13 / Arda Özkuşaksız: Ben ODTÜ'de ikinci sınıf öğrencisiyim. OHAL ile güvenlik önlemleri çok arttı. Bizim okulumuza girişlerimizde sorunlar var. Annem, babam, kardeşim dışında kimseyi okula sokamıyorum. Diğer üniversitelerden üyelerimiz var ama mesela Hacettepe'den bir arkadaşımız bizim okula gelemiyor. Dilekçe yazıyoruz, reddediliyor. Avrupa ile ilişkilerimiz ne durumda? Euro yüzde 30-40 arttı. Biz yurtdışına çıkmakta zorlanıyoruz. Geçen yıl 90 günlük vize almışken, bu yıl 3 gün verildi. Fonlarda sorunlar var. Ankara özelinde bakarsak; İnsan Haklar Anıtı hapsedilmiş. Bunları görmek insanı etkiliyor, herkes mutsuz ve umutsuzluk içinde. Sivil toplumun hareketlenmesi lazım, ne yapabiliriz. İnsanların bölünmek yerine birleşmesi lazım. Eğitim bunun birinci koşulu. Ne olursak olalım, birbirimize önyargı beslememeliyiz. İnsanların farklı fikirleriyle bir arada olması gerekiyor.
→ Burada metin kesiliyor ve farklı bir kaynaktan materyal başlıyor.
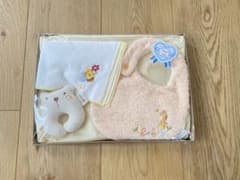 【新品未使用】スタイ・ガーゼ・おもちゃセットのサムネイル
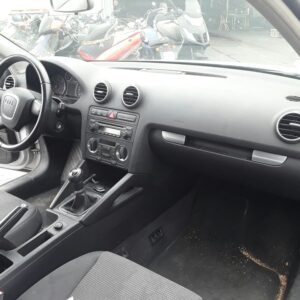 SALPICADERO AUDI A3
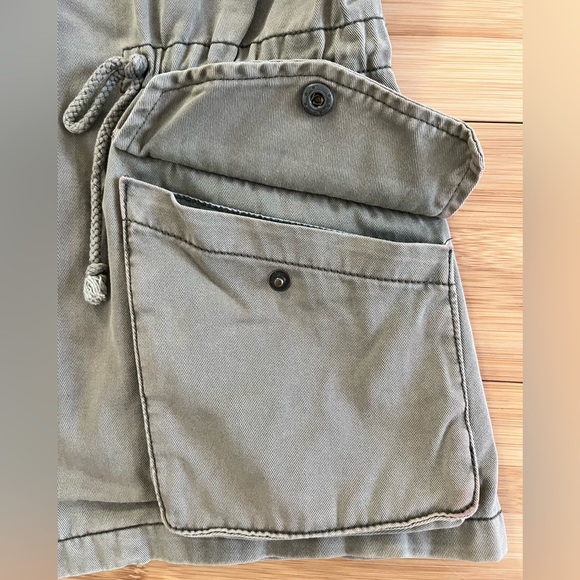 Vest - olive green, with four button pockets - great condition cargo style - Picture 2 of 6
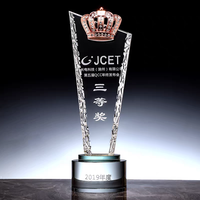 Personnalisé Or Argent Bronze Métal Couronne Trophée Verre et Cristal Coupe Prix pour les événements de concours de beauté Trophées et médailles élégants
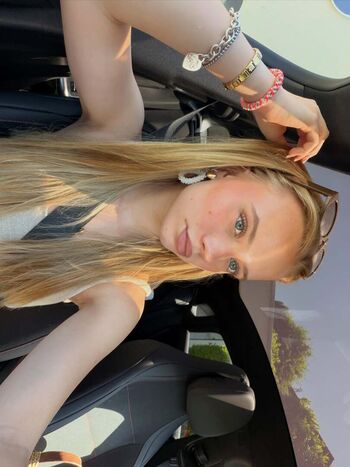 Full leaked Janalibra private onlyfans photo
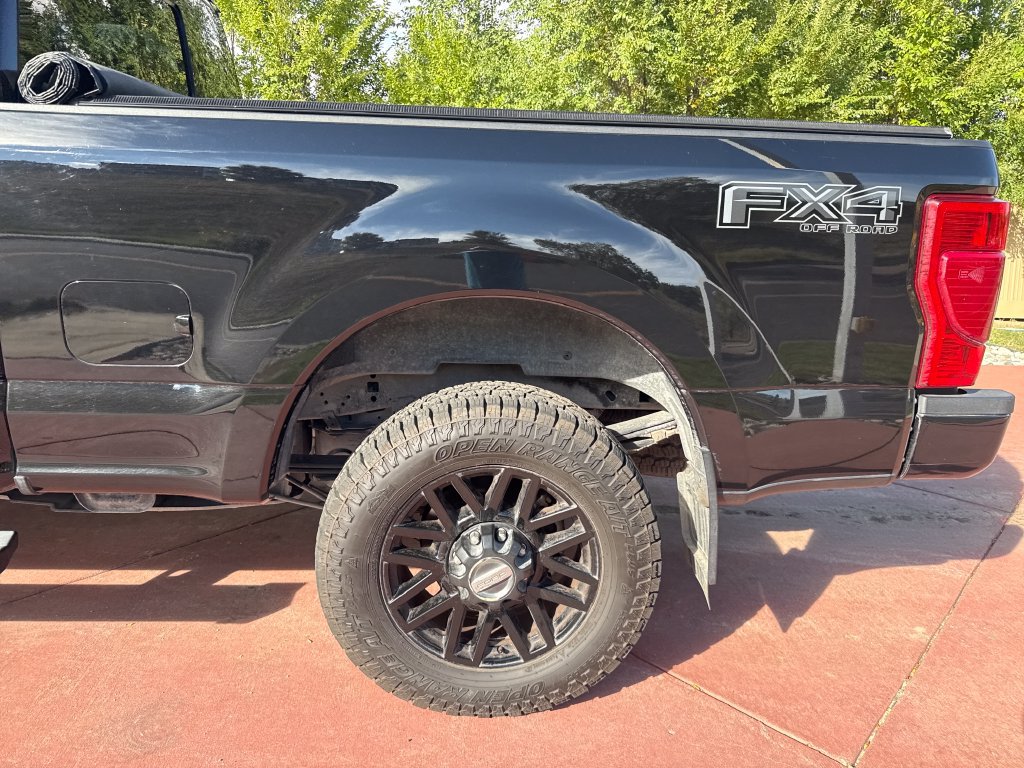 Certified 2022 Ford F250 XLT w/ Black Appearance Package AWD/4WD image 34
14 / Yıldırım Kaya: İşyerimde herkes hayatından memnun, sanki evet çıkmamış. Biri grev yapacak, ekonomik haklarımızı savunacak, güvenlik gerekçesiyle yasaklanıyor. Yeşil pasaportlu olmamıza rağmen bir sürü onay ve özel izin almak gerekiyor, güya seyahat özgürlüğü var. Eksiğimiz belli, biz birlik olmayı bilmiyoruz. Burada konuşuyoruz ama sokakta birlikte yürüyelim desek, çeşitli nedenlerle ayrı yollara gideceğimiz de kesin. O yüzden karşı taraf bize bakıyor ve hiçbir barikat, engel görmüyor. İstediğini yapma hakkını görüyor. Hayır'ın hayır olmadığı bir yerdeyiz. İnsanlar buna rağmen rahat, gençler umursamaz. Bir proje hazırladığınızda yurtdışından ortak bulamıyorsunuz. Konuşmanın değil eylemin zamanı diyoruz ama kitlenin olmadığını görmüyoruz. Sanal dünyanın sanal insanlarıyız. Ben umutsuzum. Kasım'da Türkiye'yi seçim bekliyor bence. Parlamento gibi bir dert olmayacak çünkü gerek kalmadı. Durum pek parlak değil.
SİVİL TOPLUM İLE İLETİŞİM
340 sivil toplum kuruluşuna e-mail ve telefon yoluyla duyuru yapıldı.